В декабре 1928 года Гиббен скоропостижно скончался. В завещании он просил похоронить прах «в Красной столице пролетарского государства».

...2 февраля 1929 года урну с прахом Гиббена привезли в Москву. Ее установили в Доме Союзов и открыли доступ для желающих проститься с другом Советского Союза. На траурном митинге, который проходил на Красной площади, с прощальной речью выступил нарком просвещения А.В.Луначарский. Урну погребли на Новодевичьем.

Любовь к Советской России для Пакстона Гиббена оказалась превыше всего – и на этом, и на том свете.

(3-63-20)


РИСКУЕТЕ ПОВЕРИТЬ НЕГОДЯЯМ

Со спортивным журналистом Александром Кулешовым я познакомился, когда он приходил к нам, в редакцию журнала «Наука и жизнь».

Подарил он тогда книжку «Советские спортсмены в борьбе за мир», которая выдержала несколько изданий и служила хорошей «визитной карточкой». Кулешов был одним из ее авторов, а составителем и редактором значился некто А.П.Нолле.

Спустя много лет я увидел на Новодевичьем могилу, где покоятся: Коган Петр Семенович(1873-1932), историк литературы, профессор, президент Государственной Академии художественных наук, его жена Нолле-Коган Надежда Александровна(1888-1966), писательница, переводчик, и их сын Кулешов (Нолле) Александр Петрович(1921 -1990).Вот тогда и вспомнил про подаренную книгу.
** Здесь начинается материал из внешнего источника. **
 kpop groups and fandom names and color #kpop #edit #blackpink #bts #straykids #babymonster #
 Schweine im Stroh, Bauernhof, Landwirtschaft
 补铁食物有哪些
Сразу стало ясно: Нолле под псевдонимом Кулешов и А.П.Нолле – одно и то же лицо.

Фамилия Нолле, «привязанная» к имени его матери, говорила о себе сама.

...Надежда Александровна Нолле была очень близким человеком Александру Блоку. Еще за несколько лет до встречи с ним она стала страстной почитательницей поэта, даже анонимно посылала ему цветы. Их очное знакомство переросло в дружбу, сопровождалось активной перепиской. Приезжая в Москву, Блок останавливался на квартире у Коганов. В августе 1920 года Нолле ездила в Петроград, жила у Блоков месяц...
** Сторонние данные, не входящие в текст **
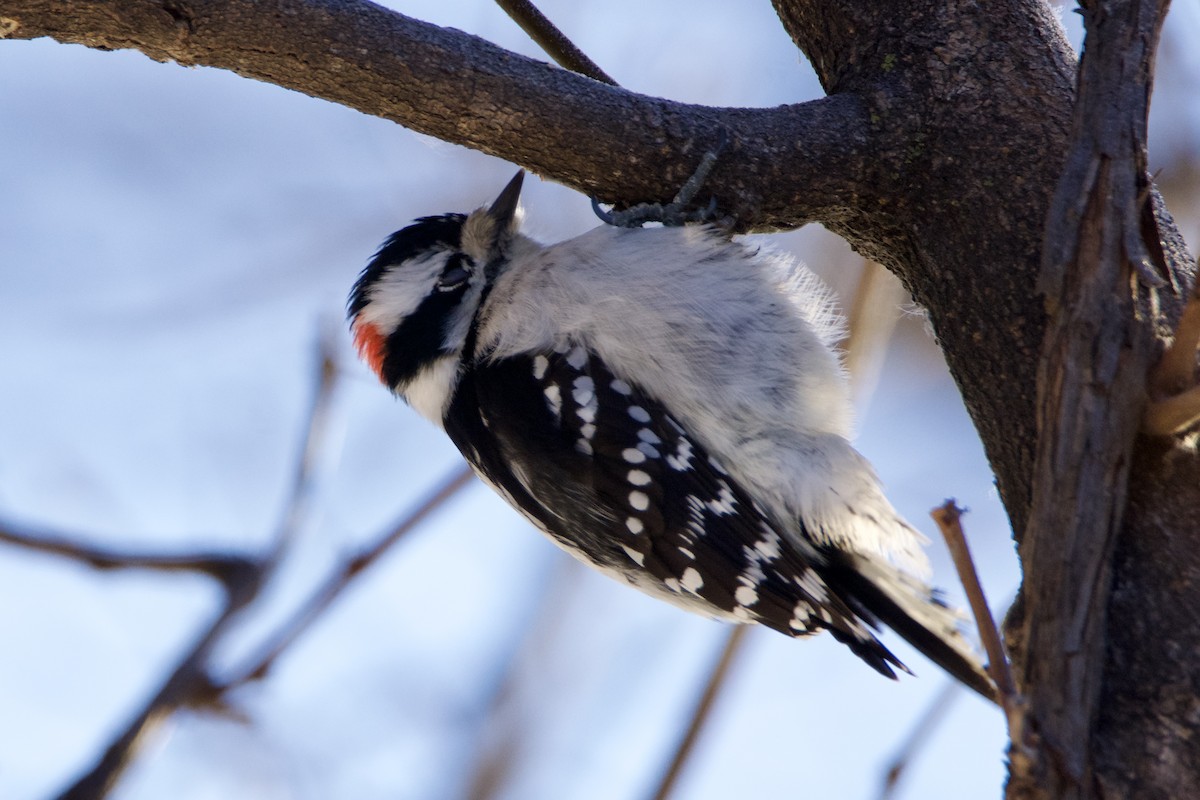 Downy Woodpecker - ML646393638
Из письма Блока к Надежде Александровне 8 января 1921:

«Жалейте и лелейте своего будущего ребенка; если он будет хороший, какой он будет мученик, – он будет расплачиваться за все, что мы наделали, за каждую минуту наших дней».

1924 год. Писатель-эмигрант Роман Гуль собирается поехать в Россию. Марина Цветаева пишет ему:

«...Где будете жить? В Москве? Хочу подарить Вам своих друзей Коганов, целую семью, все хорошие. Там блоковский мальчик растет – Саша, уже большой, три года. Это очень хороший дом...».

И в другом письме:

«Вы спрашивали о сыне Блока... Видела его годовалым ребенком: прекрасным, суровым, с блоковскими тяжелыми глазами (тяжесть в верхнем веке), с его изогнутым ртом. Похож – более нельзя... Видела подарки Блока этому мальчику: перламутровый фамильный крест, увитый розами (...) макет Арлекина из «Балаганчика»... Мальчик растет красивый и счастливый, в П.С.Когане он нашел самого любящего отца. А тот папа так и остался там – «на портрете».

Будут говорить «не блоковский» – не верьте: это негодяи говорят».